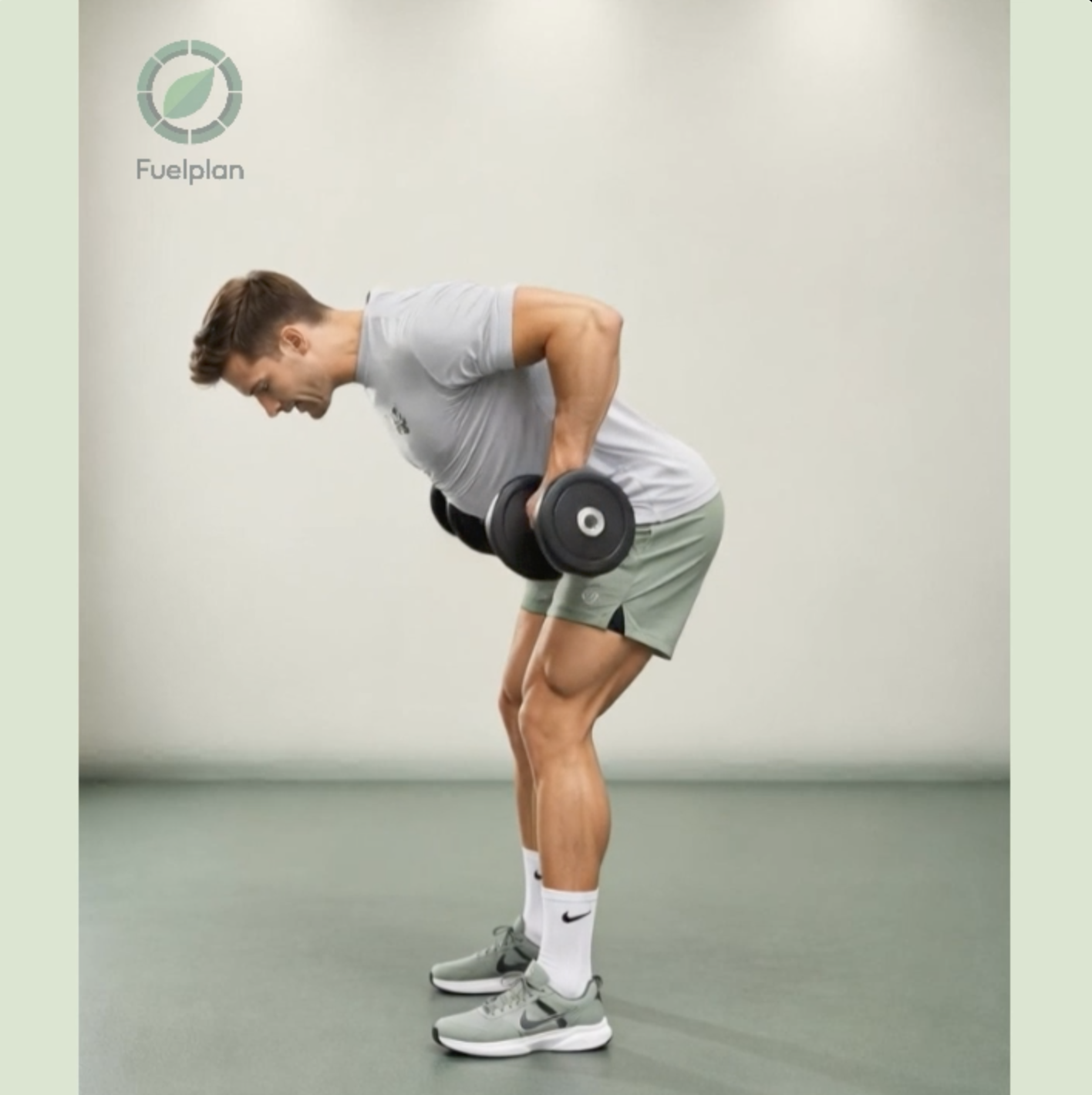 RDL + Bent Over Row demonstration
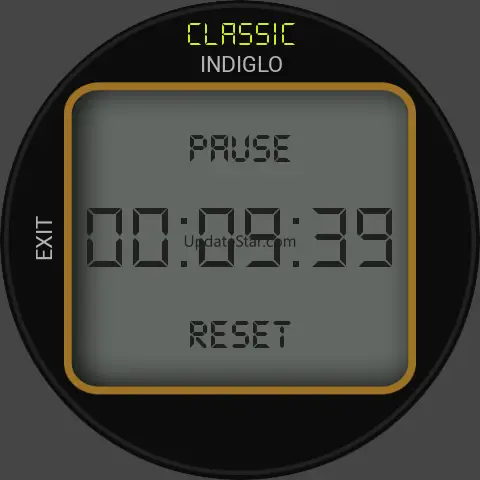 Retro Digital Watch Face 1.71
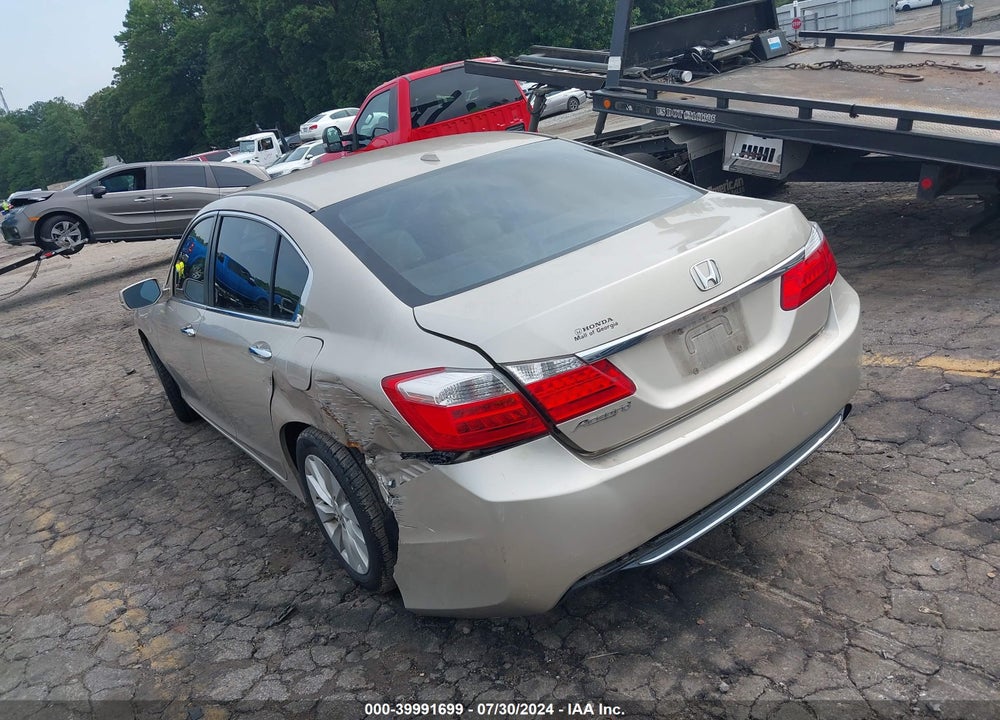 2013 HONDA ACCORD EX-L VIN: 1HGCR2F81DA181610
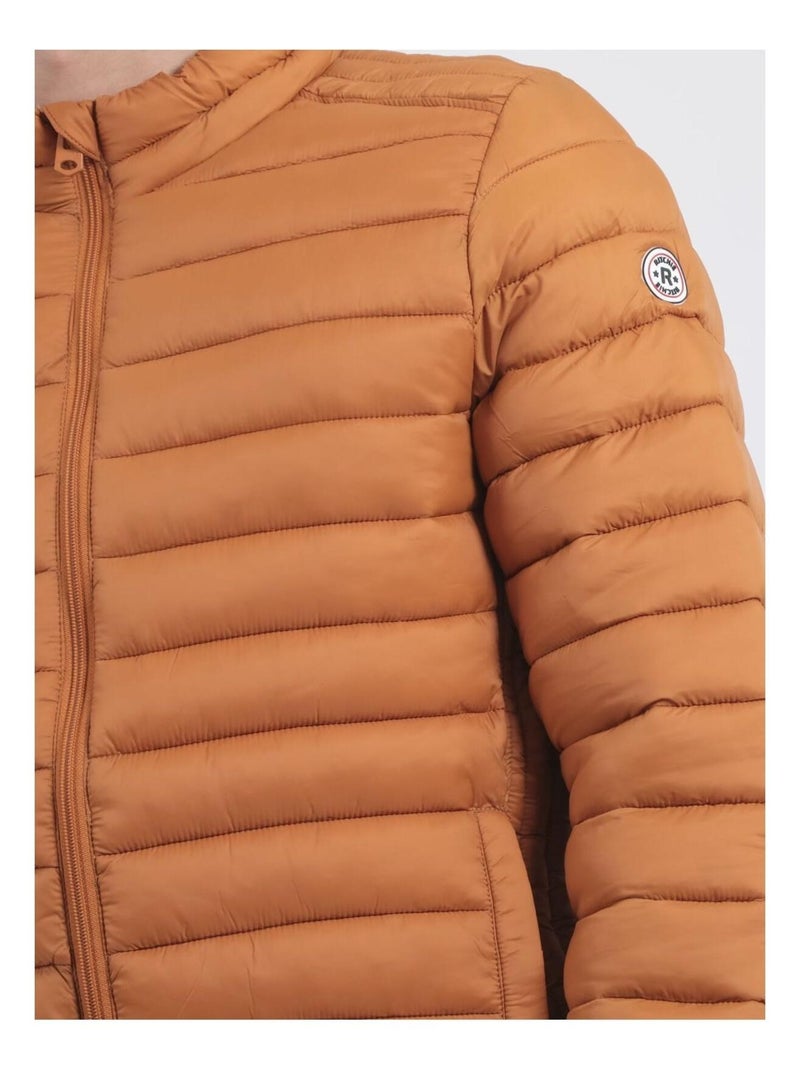Piumino leggero collo alto ZERNOBI II Arancione - Kiabi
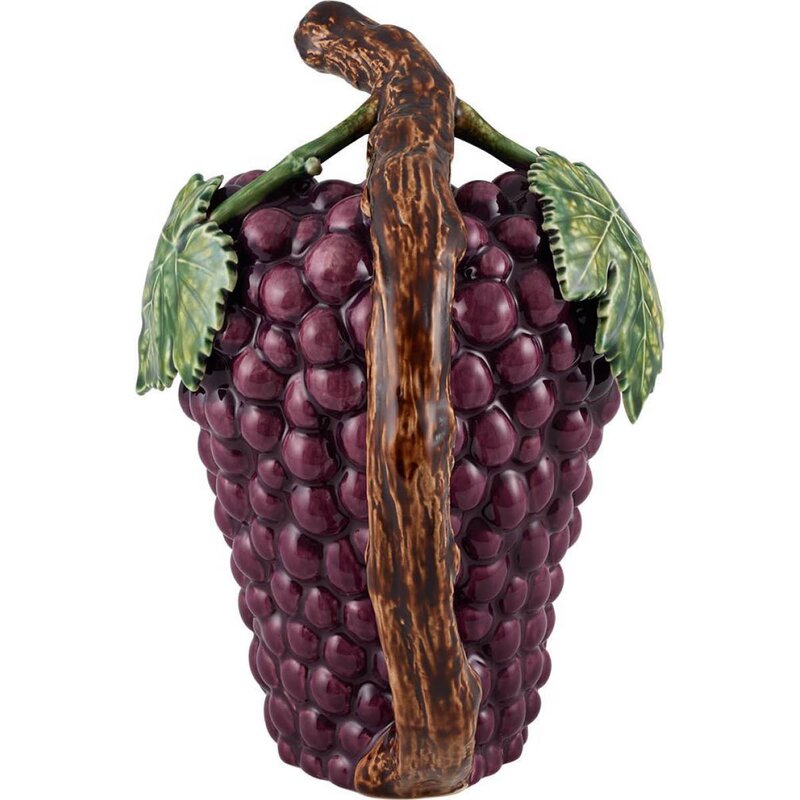 Bordallo Pinheiro Grapes mugge 1,6L lilla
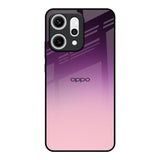 Purple Gradient Oppo Reno14 5G Glass Back Cover Online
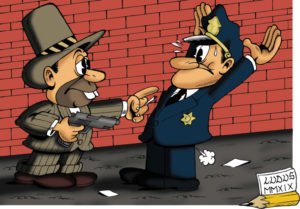 Vignetta sui gangster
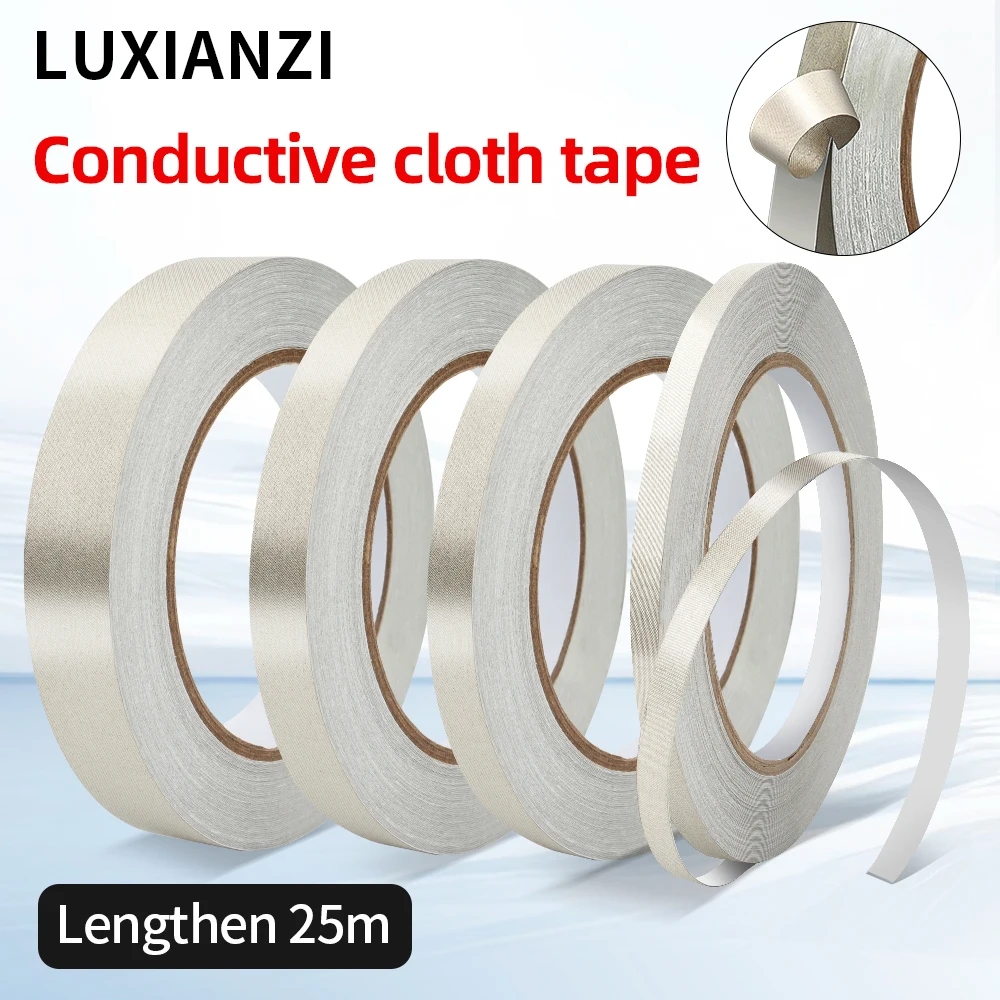 LUXIANZI Double-sided Conductive Tape For Laptop Cellphone LCD EMI Shielding Isolation Electromagnetic Radiation Protection Tape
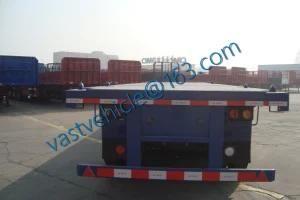 Hot Sale Vast Heavyduty 50 Ton Semi Trailer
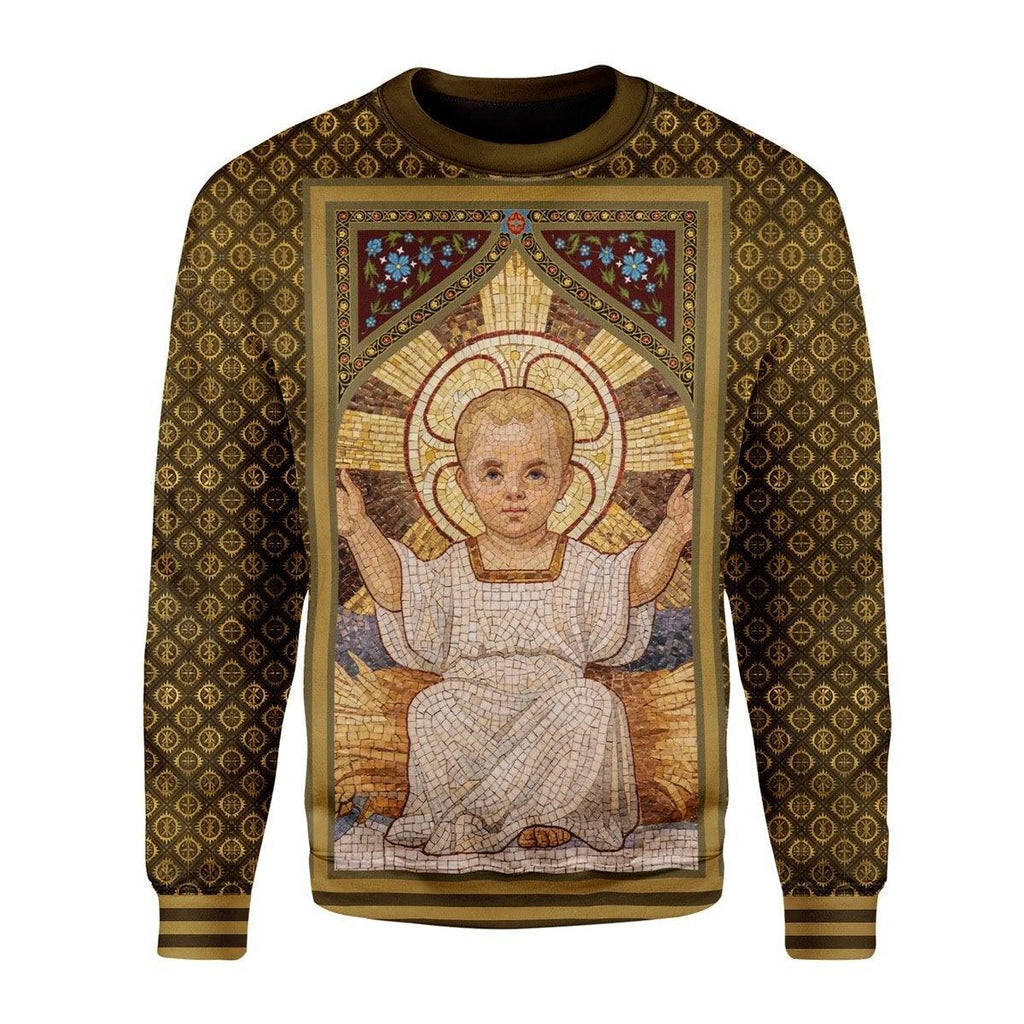 Kid Jesus Sweatshirt - CustomsPig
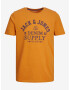 Jack & Jones Logo T-shirt Oranzhev - Pepit.bg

————————

If a line holds an image, leave the image out; retype everything else in the entries exactly.

# SOLUTION TO THIS EXERCISE:
 RDL + Bent Over Row demonstration
 Retro Digital Watch Face 1.71
 2013 HONDA ACCORD EX-L VIN: 1HGCR2F81DA181610
Piumino leggero collo alto ZERNOBI II Arancione - Kiabi
 Bordallo Pinheiro Grapes mugge 1,6L lilla
 Purple Gradient Oppo Reno14 5G Glass Back Cover Online
 Vignetta sui gangster
 LUXIANZI Double-sided Conductive Tape For Laptop Cellphone LCD EMI Shielding Isolation Electromagnetic Radiation Protection Tape
 Hot Sale Vast Heavyduty 50 Ton Semi Trailer
 Kid Jesus Sweatshirt - CustomsPig
 Jack & Jones Logo T-shirt Oranzhev - Pepit.bg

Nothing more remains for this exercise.